Leventhal (1971) used fear-appeals as persuasion in his research on smoking. Within a sample of volunteer participants who were shown graphic cancer images and visual charts illustrating the relationship between cigarettes and the rate of death from cancer. Participants were rated more willing to stop smoking at later testings.
Rogers (1983) proposed the Protection Motivation Framework; constructed of four components which must be fulfilled for fear to act as persuasion effectively. The Protection motivation Framework can be applied to this advert. The first of the four components states that the severity of the fear-appeal must make the consequences of ignoring the fear-appeal's message very undesirable. The fear appeal here is the visual foreshadowing of the possible outcome of smoking. It is graphic and unpleasant and the severity of the image is strong enough to persuade people into thinking that ignorance of said fear-appeal could equate to a very undesirable consequence. The second element is that the negative consequences are a specific danger to the individual. The danger would be specific to the target viewer- a smoker, as the cause of the danger shown in the advert is specifically smoking. The third component states that, if they follow the fear prevention instruction, they can avoid the outcome. By following the prevention-instruction; calling the quit smoking hotline, the individual would be taking the first step to quitting smoking and hence preventing the development of mouth cancer. Finally, self-efficacy is needed. The participant must be actually able to engage in the recommended action, the action here being calling the 'quit smoking' hotline. The advert shows the viewer both the telephone number and the website, making it as easy as possible for the viewer to engage with their advice. Assuming they own a phone, and since they are not too busy to see this advert, what's to stop them from engaging in the prevention-instruction?

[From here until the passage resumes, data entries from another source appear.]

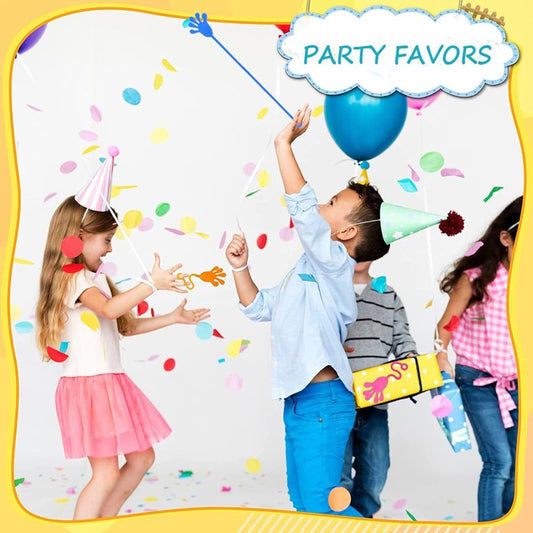 KADINOY Party Favors, Pinata Stuffers Treasure Box Toys for Classroom 60 pcs Goodie Bags Stuffers for Kids Easter Basket Fillers Prize Box Toys for Birthday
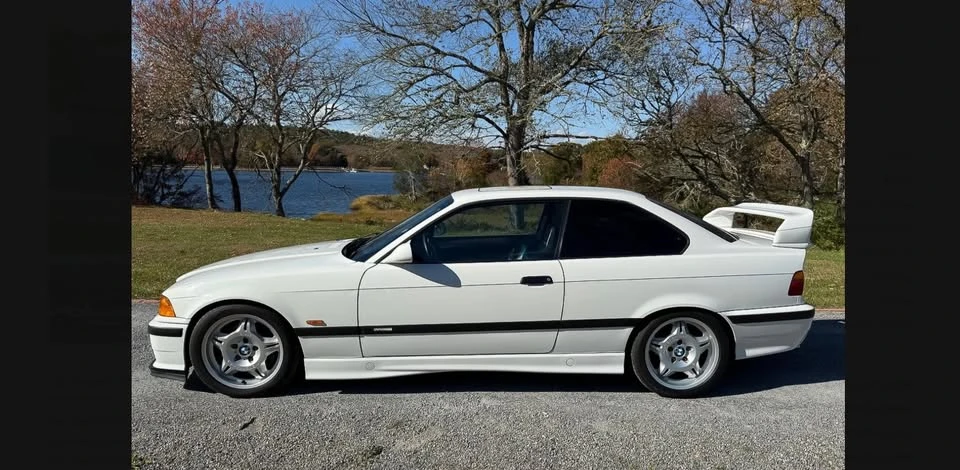 1997 BMW E36 M3 - Image 12 of 12
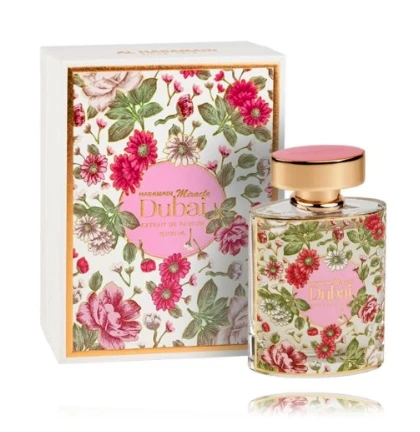 Al Haramain Miracle Dubai PP kvepalai moterims, 100 ml
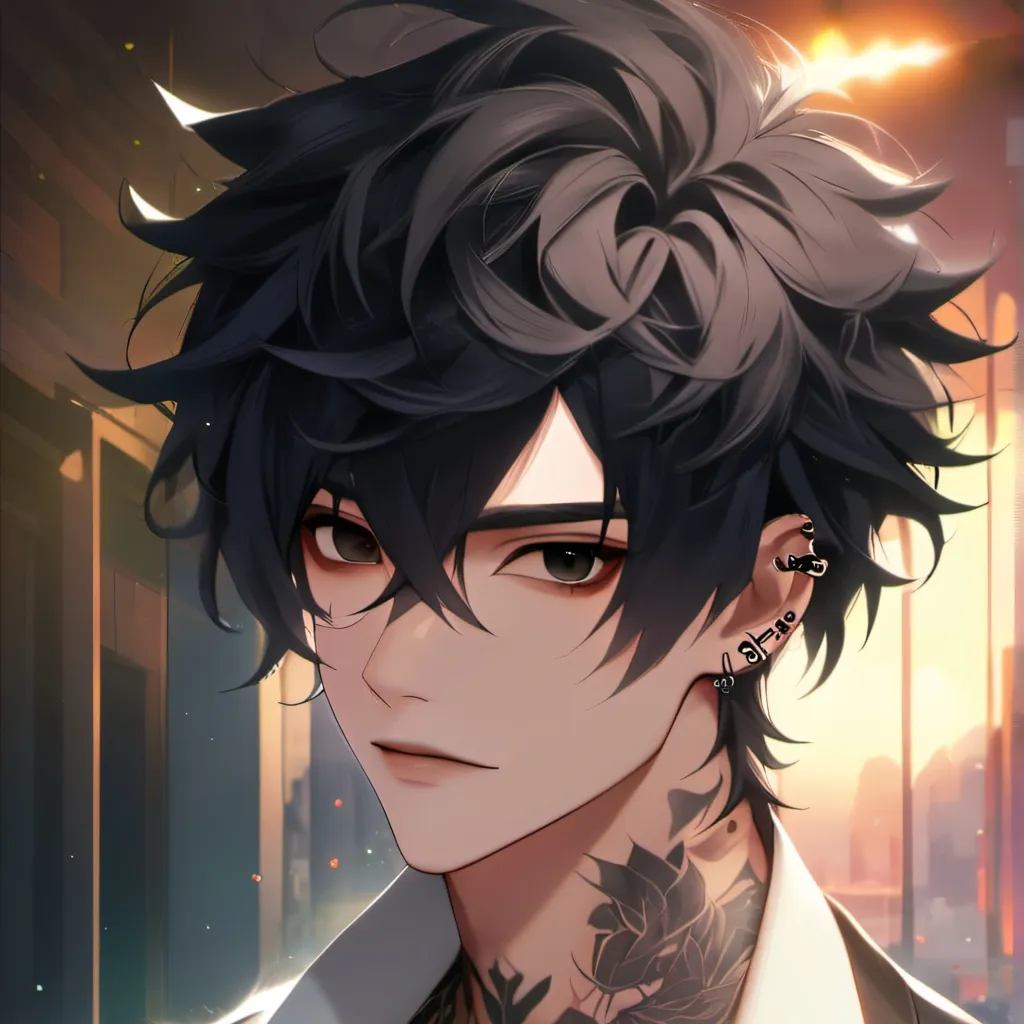 chat with ai character: ☆×°||Felix||°×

Lasswell, H. D. (1948). The structure and function of communication in society. Religion and civilization series series. New York: Harper & Row.

Leventhal, H. (1971). Fear appeals and persuasion: the differentiation of a motivational construct. American Journal of Public Health, 61(6), 1208-1224.

Rogers, R.W. (1983). Cognitive and psychological processes in fear appeals and attitude change: A revised theory of protection motivation. In J. Cacioppo & D.Shapiro (Eds.), Social psychophysiology: A source book (pp.153–176). NewYork: Guilford Press.

1 comment:

  1. Difficult to watch, but a very informative overview. Thanks for explaining the research and tying it a theoretical position. Nicely done.